Andreas Nachama, Rabbiner und Direktor der Stiftung Topographie des Terrors, suchte eine Erklärung dafür, warum die Mehrheit vor 80 Jahren so empfänglich war für die antijüdische Propaganda. »Es wurde geschwiegen und darüber hinweggesehen. Dabei gab es die Möglichkeit eines alternativen Handelns«, sagte Andreas Nachama. »Einige Synagogen blieben unbeschädigt.« Oft werde die wirtschaftliche Lage aufgrund der Weltwirtschaftskrise als Argument für den Verlauf der Geschichte herangezogen. »Aber ist das eine Erklärung? Ich finde nicht.«
Neben den Fallbeispielen zeigt die Sonderausstellung in chronologischer Folge das wechselvolle Gedenken an die Ereignisse des Novembers 1938. Es habe Hochs und Tiefs gegeben, in der BRD wie in der DDR, sagte Kurator Ulrich Baumann.
Eine Zäsur in der Erinnerungskultur nehme allerdings das Jahr 1978 ein.

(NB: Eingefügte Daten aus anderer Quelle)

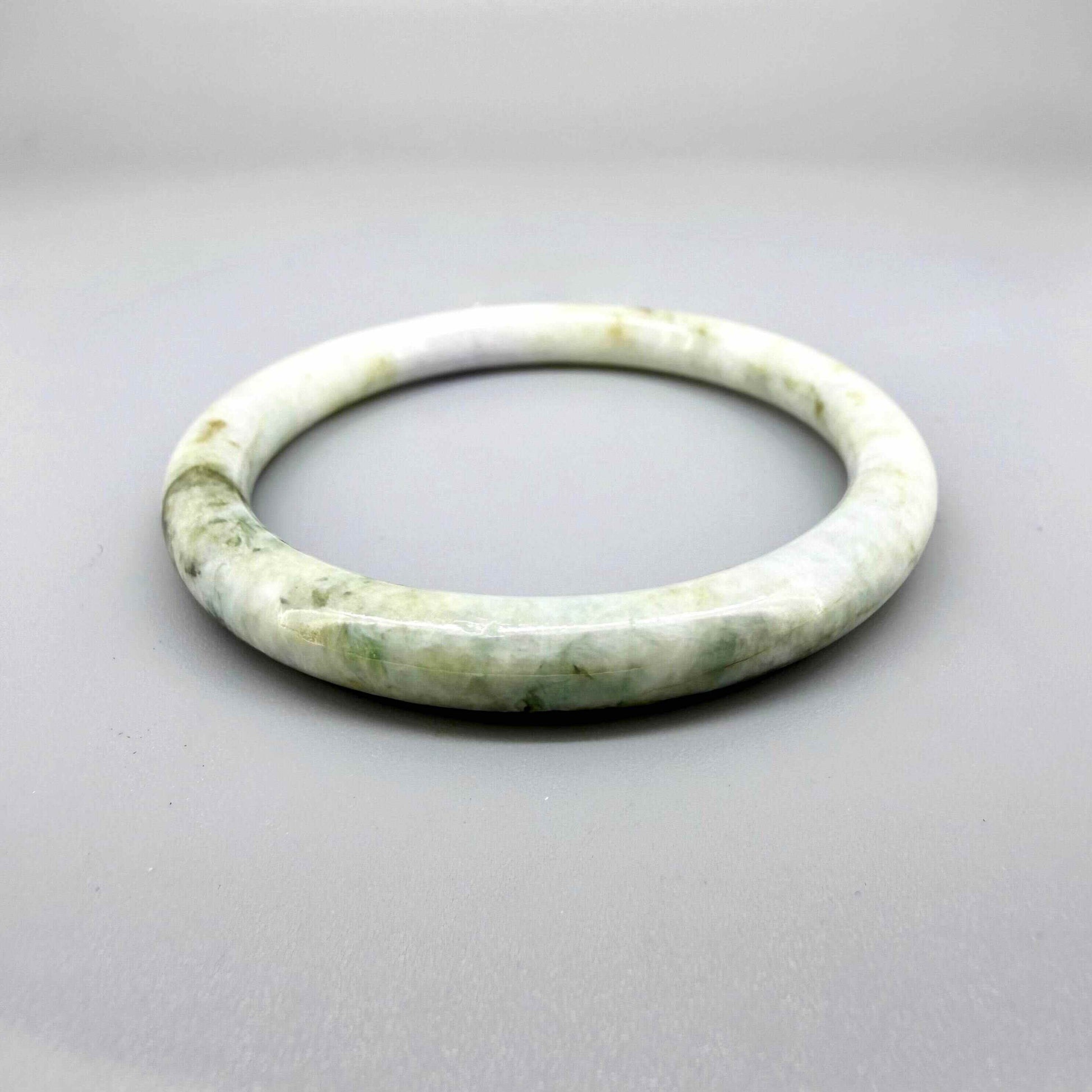 Polished jade bangle in soft green hues with smooth surface and natural variations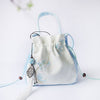 Light blue and white embroidered bucket bag with tassel hanging from drawstring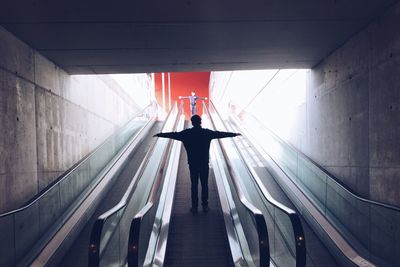 People standing in tunnel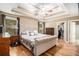Spacious main bedroom featuring hardwood floors, a tray ceiling, and a walk-in closet at 1156 Magnolia Dr, Villa Rica, GA 30180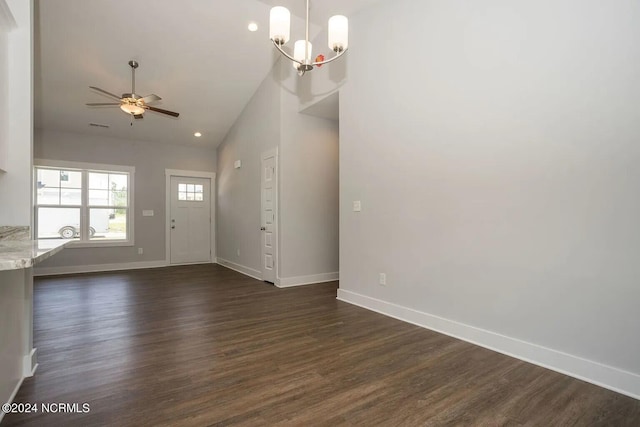 foyer entrance with ceiling fan with notable chandelier, dark hardwood / wood-style flooring, and high vaulted ceiling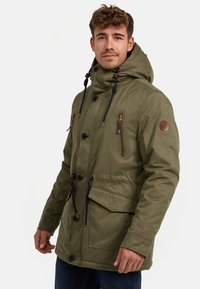 Parka verde oliva con capucha, presenta cordones negros, múltiples bolsillos y acentos marrones. Fabricada con una tela texturizada y duradera.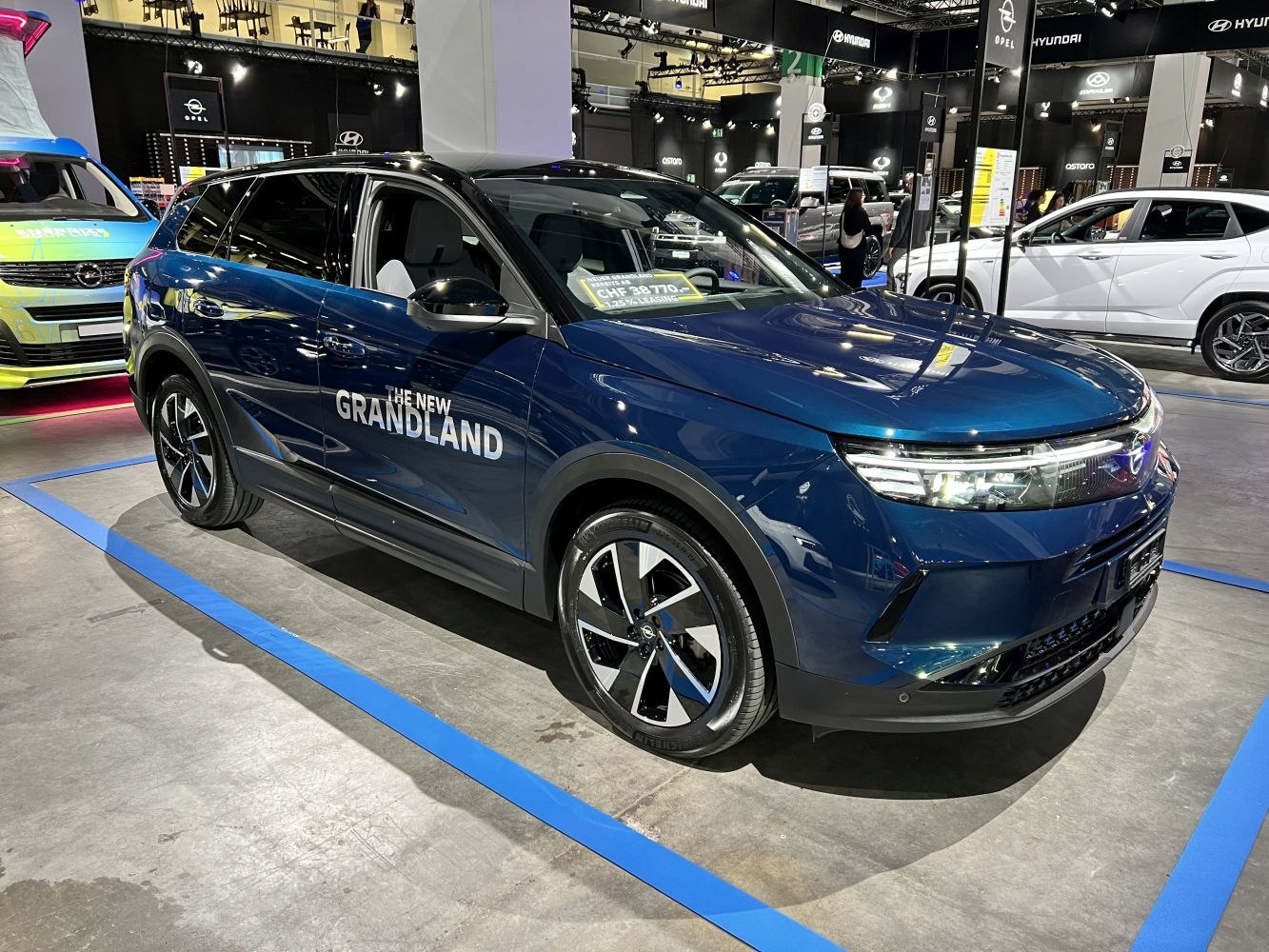 Front side view of a blue SUV with LED headlights and stylish alloy wheels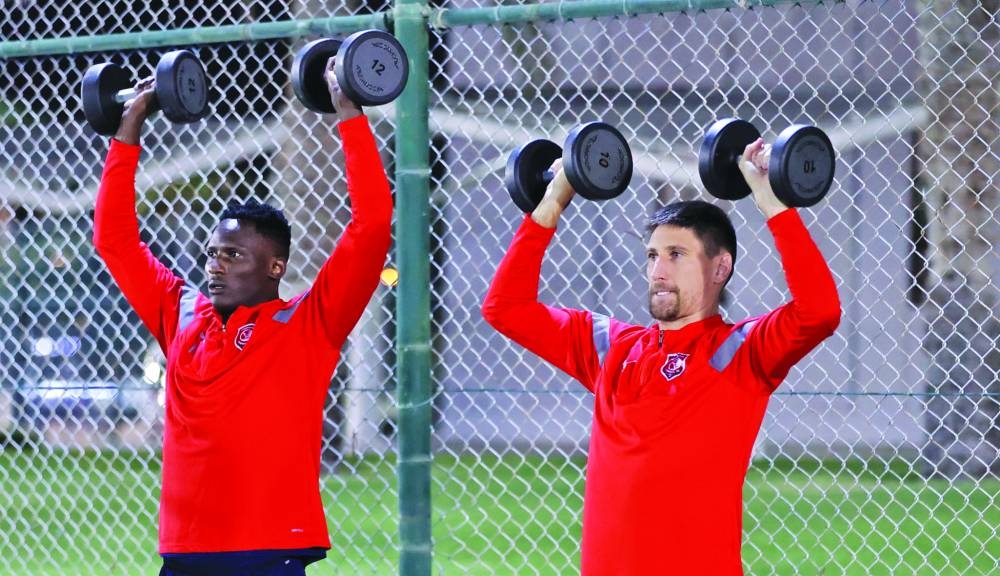 Al Duhail’s Federico Fernandez (right) and Michael Olunga train on the eve of their match against Al Rayyan.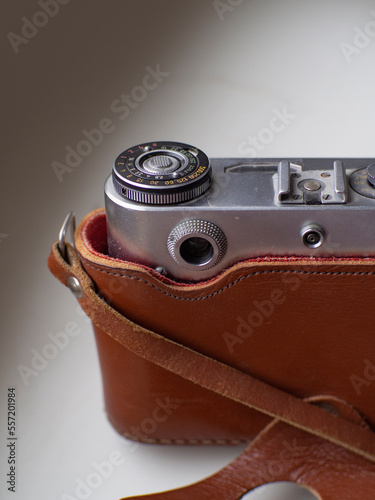 Vintage camera in leather case vertical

Zum 40. Jahrestag hätten die Gedenkakte sprunghaft zugenommen. Warum die Entwicklung stattfand, könne er sich noch nicht endgültig erklären, sagte der Kurator. Somit bliebe noch immer genügend Raum für weitere Forschungen und Diskussionen. »Wir hoffen, diese mit unserer Ausstellung zu befördern.«
Die Ausstellung ist bis zum 3. März 2019 täglich von 10 bis 20 Uhr geöffnet.